Hi Rentangz, Welcome to the Shack.

The Denon 2805 is a nice receiver but there is some truth to the fact the the higher end Onkyo receivers will give you better sound but the higher end Denon receivers that are out now will also do the same. 
I have an Onkyo TX SR805 and it gives you better control over the crossovers as well independent EQ settings of frequencies down to 25Hz. This can help if your sub needs a little extra push to reach that low.


----------



## conchyjoe7 (Aug 28, 2007)

With speakers of that quality...depending if you're music oriented; I'd take a good hard look at a NAD piece. Sound quality is their PRIMARY concern, and you can hear it! If movies is all you want to do, then there's many good receivers out there including the one owned by the poster above...it's no slouch on music either, but not up to the NAD gear.
Good luck and cheers,
Konky.


----------



## rentangz (Jan 24, 2008)

Thanks for your reply Tony..I will try to demo the Onkyo TR805 to hear the difference...


----------



## rentangz (Jan 24, 2008)

Thanks for your comment Konky..have not yet heard a NAD actually..I will add this to my demo AVR on my next HT demo..I like both movies and high quality stereo music..so any AVR that can do both and will best match my B&W 684?any suggestions will be highly appreciated..


----------



## Guest (Feb 5, 2008)

It really depends on your budget.
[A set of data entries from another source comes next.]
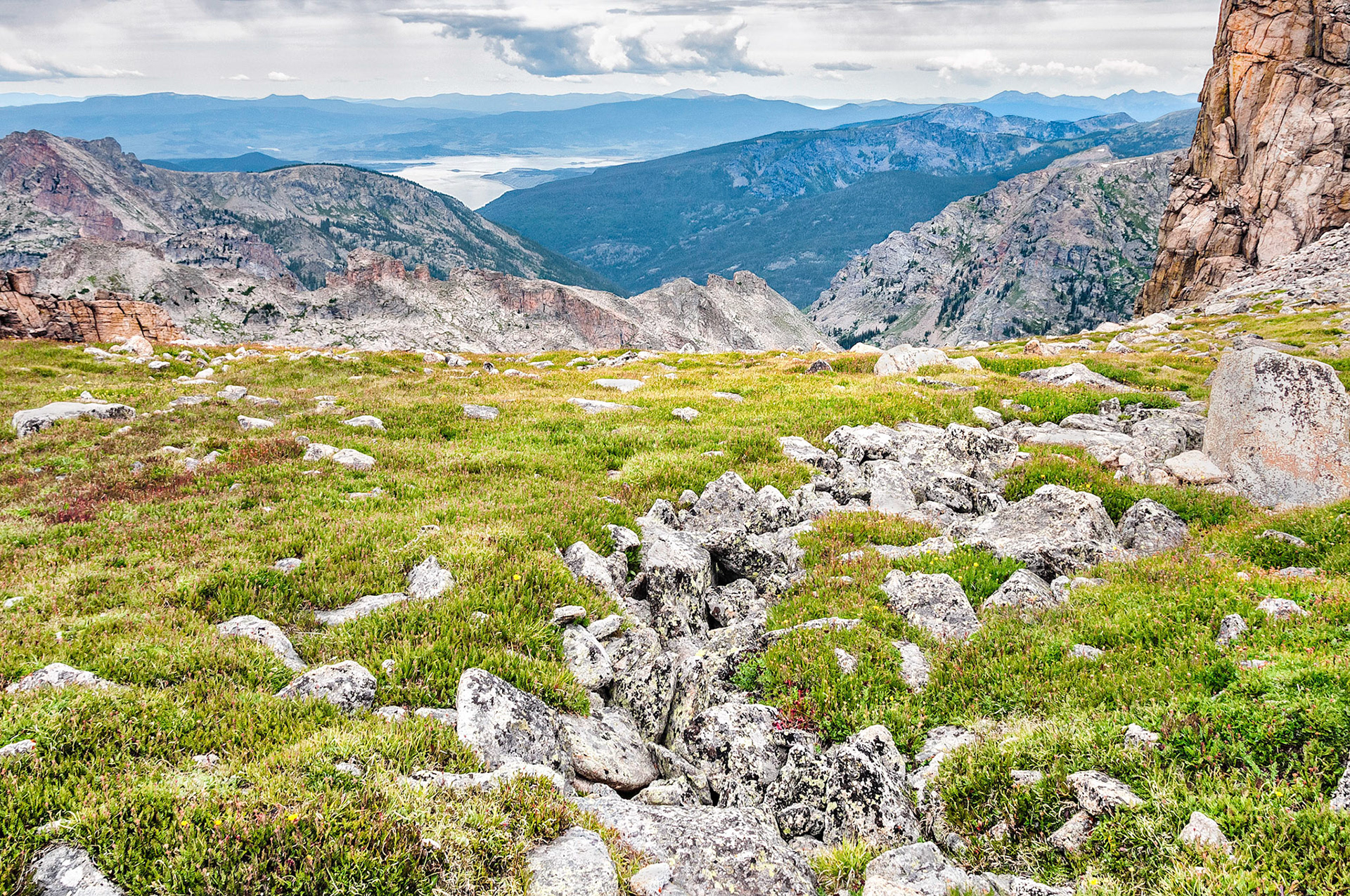 Grand Lake, the largest natural lake in Colorado, USA, (at 8,369 feet = 2,551 m), shimmers in the distance under cloudy skies. Also viewed here, is the tundra and scree terrain at Pawnee Pass, (12,542 ft = 3,823 m), on the Rocky Mountain Continental Divide in the Indian Peaks Wilderness Area.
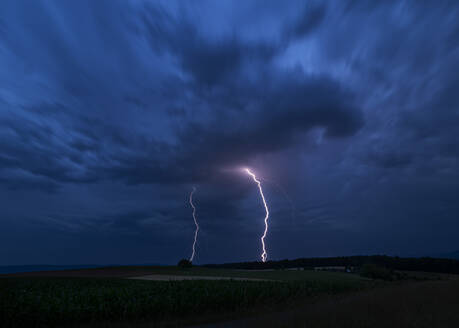 Germany, Baden-Wurttemberg, Long exposure of summer thunderstorm at night - BSTF00237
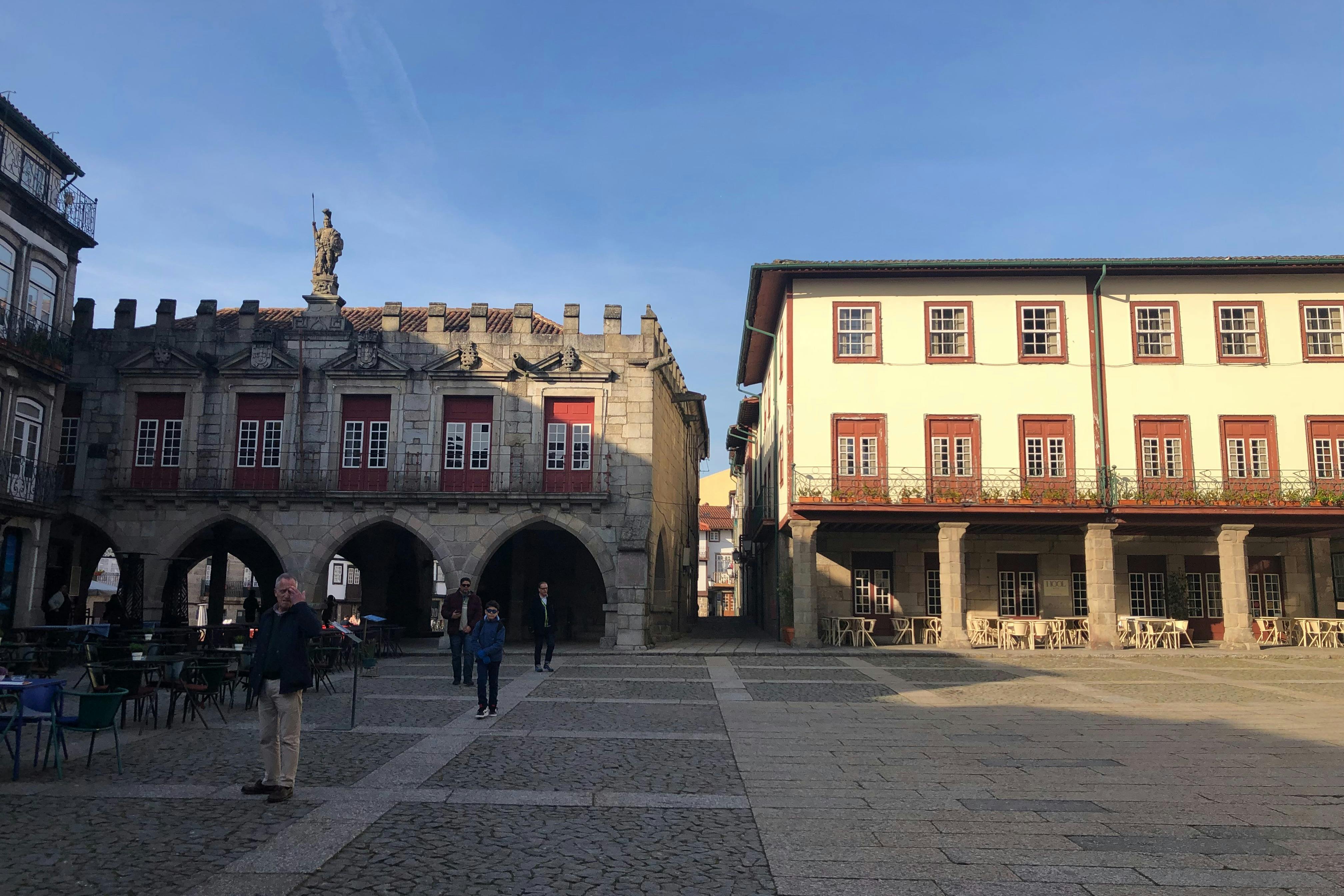 A town square with a historic building featuring arches on the left and a two-story building with red window frames on the right. Few people present.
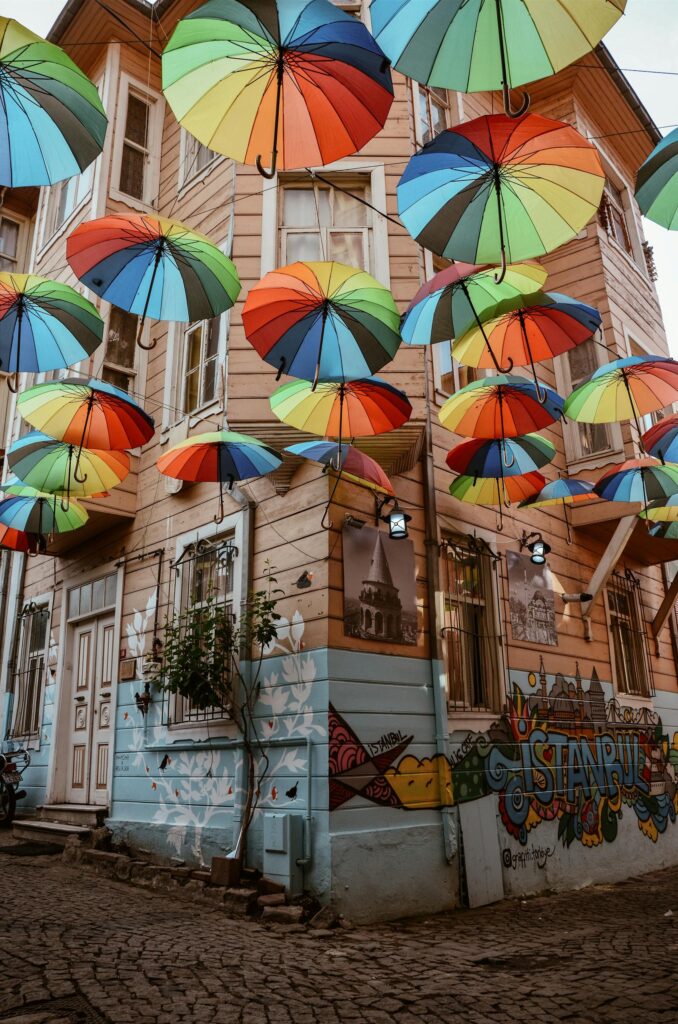 Vibrant umbrellas float above a graffitied street in Istanbul, creating a colorful canopy.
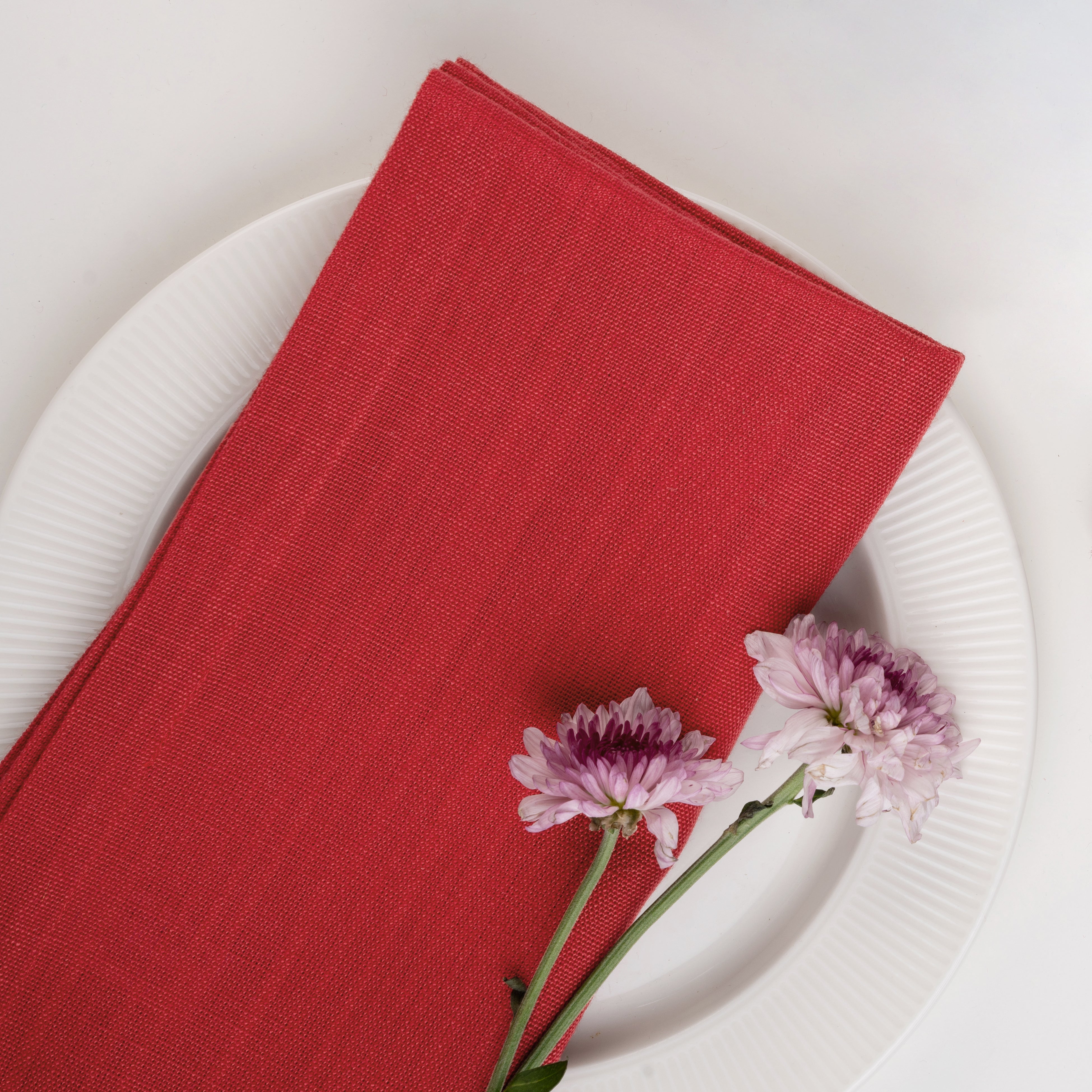Bright red pure linen dinner napkins styled on a dining table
I just got a new Proceed AVP2+6 that was found at Harmon when they were packing up for CES. They had 4 units that were basically restocked and lost for a while. Anyway, It's an incredible Pre/Pro with amazing DACs but you would need an amp as well. All I can say is that after listening for a while, the difference was AMAZING. I've done ALOT of changing Receivers, amps, cables and all that stuff and sometimes tried to convince myself there was some kind of difference. I can say that since I got the AVP2, it sounds like I got new speakers. Having an outstanding Preamp is money Very Well Spent. Although Proceed is a discontinued product line, they can still be serviced by Harmon and you can find them used on Audiogon. Just my 2 cents after finally getting the sound I was hoping and searching for, for a long time. If you want it all in one box this won't help you much but, Once you hear Seperates, you'll never go back to AV Receivers.


----------



## conchyjoe7 (Aug 28, 2007)

I absolutely concur that seperates are the best...if they can be afforded, and would do justice to the prowess of the esteemed B&W speakers. However, in trying to keep with what the OP said he was searching for, I recommended the NAD. In giving this some thought, if, again, music has a genuine priority in the listening cycle (as it should have, but that's my editorial...lol), Marantz would also be an excellent choice. If seperates are a consideration, then by all means look at some of the deals available at audiogon.com. There you will be able to find (used of course) some absolutely excellent deals (use common sense at all times in ANY purchase). In fact, the OP may be able to come away with used seperates for almost the same as a new receiver depending of course on what he/she has budgeted, but which so far has not been mentioned. I would imagine in buying speakers of that caliber, then an appropriately priced AVR or pre/pro+amp is in order. Let us know if this is a possibility, and if you can, what your budget is. 

Again, good luck; there are many worthy candidates today to choose from, and you should have fun auditioning them, not stress!
Cheers,
Konky.


----------